I am on a ultra limited budget and I do reuse reservoirs and tubing and keep track of the usages with a "Sharpie" marker on the Resource.
I reuse tubing 3 times and I refill reservoirs for 3 Vials of Insulin. I inject the leftover insulin in the reservoir back into the insulin vialfill 4 Reservoirs at 1 time and keep them in old test strip containers.
I have always had good luck leaving my sets in a little longer, I can usually go up to 5 days before I start rejecting them, so for now I will try that, and perhaps refilling the reservoirs, as I can't see why reusing one, once, could hurt anything. Especially at the astronomical cost of each one.
how do you reuse tubing ? do you mean that you reuse a Quickset at new location? Same tubing for same reservoir at same Quickset site is easy enough.
If you're limited income, apply for your state's Medicaid program.
I'd also head over to the insulin-pumpers site. I know when I was in a bind and had to pay out of pocket for pump supplies they were able to help me out.
I have applied, the only people that are applicable are people that are unable to work, or those still in high school under 19. I will try insulin pumpers, thank you.
Hello Candace. Congrats on the graduation, and turning 19 (wish I was 19). I need some info from you to make an opinion. You do not have to answer to a stranger. Are you in school now or working?

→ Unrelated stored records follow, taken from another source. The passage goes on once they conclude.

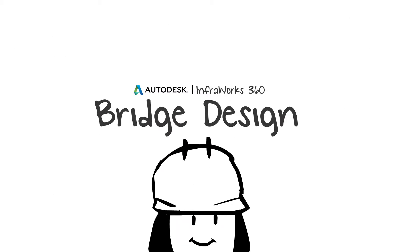Eureka! There it is! With Bridge Design for InfraWorks 360, Lisa finds a perfect fit.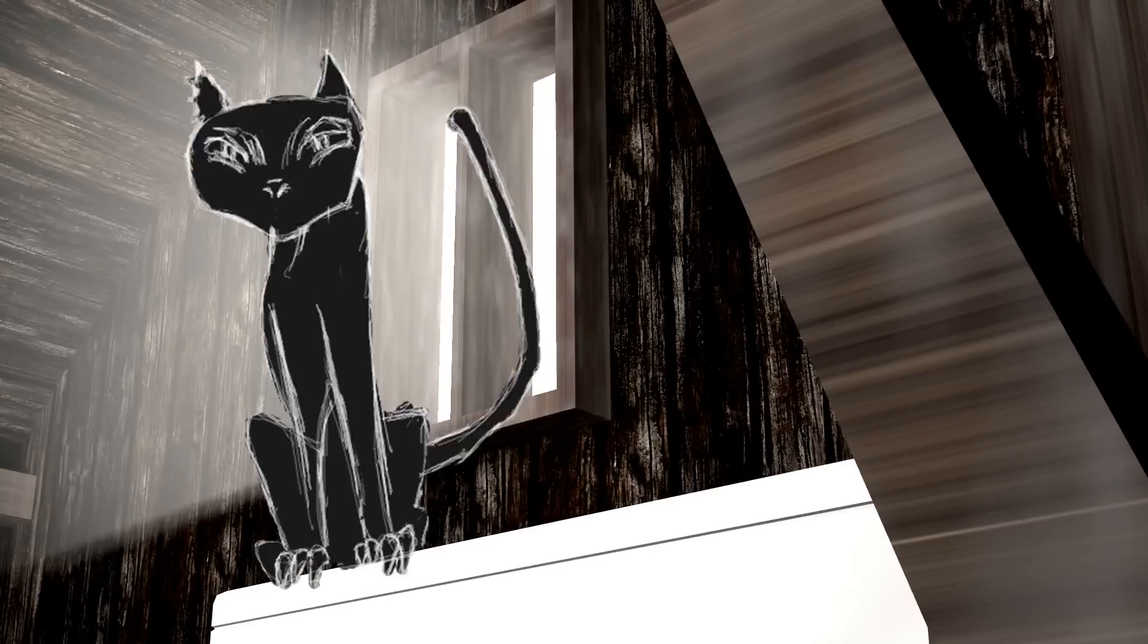You only need to change your direction, said the cat, and ate it up.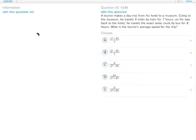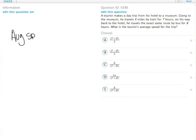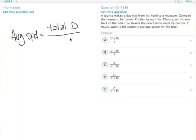A tourist is making a trip, and we want the tourist's average speed. It's important to remember that the formula for average speed equals the total distance over the total time.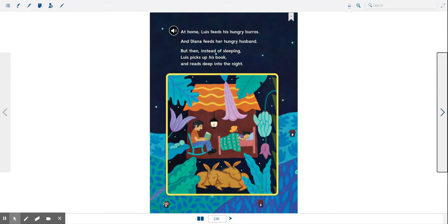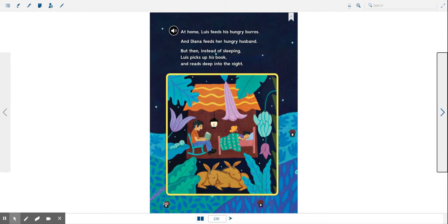Let's go ahead and finish the story. At home, Luis feeds his hungry burros and Diana feeds her hungry husband. But then, instead of sleeping, Luis picks up his book and reads deep into the night.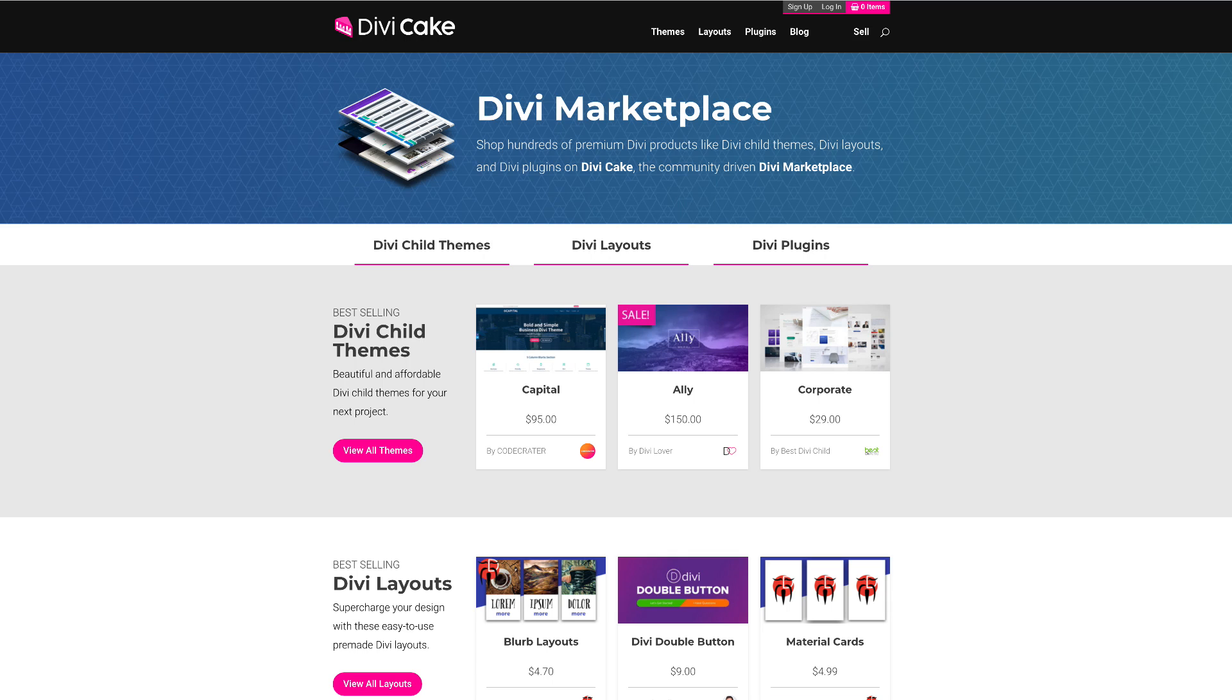Divi has a brand new update which allows you to drag and drop files straight into the builder. Rather than explain this, let me show you how this actually works. Today's episode is brought to you by DiviCake.com. Check out the huge selection of Divi themes, layouts, and plugins. The link is in the description below.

If you are working full time perhaps your employer has a health insurance plan. If not, a call to your county's health department is in order. Obviously going back to MDI is a bummer, but it's inexpensive comparing to a pump. You mentioned that your A1C is down and that's good. Try to get it down into the 6's.
I have read many posts from folks that are forced back to MDI when they lose a job, turn 65 and get on Medicare,etc. It is my hope that Obamacare will help someone like you to get proper medical care. A few friends of mine in Canada and the UK boast about their national health care plans, but I am skeptical about just how good they are.
For now, it looks like MDI is your only solution. You did that for a long time before you got the pump last year. Just one thing you must remember......"D" is a progressive disease. You have to control it anyway you can to live a long life. I have been successful for over 30 years.and am fine. Please let folks in the room join in your journey.
Mike In Maryland USA
I am not in school currently, but will be starting at a local community college in January. I do not work, so cannot get insurance that way, and neither of my parents have health coverage either. Anything you can suggest really is appreciated. I will try anything at this point.
I use the Mio, or Quikset.
I just remembered.... I think the Sure-T's (steel cannula) might be reusable as well. Also not advised, but when in a financial pinch, a couple of re-uses might save you some money.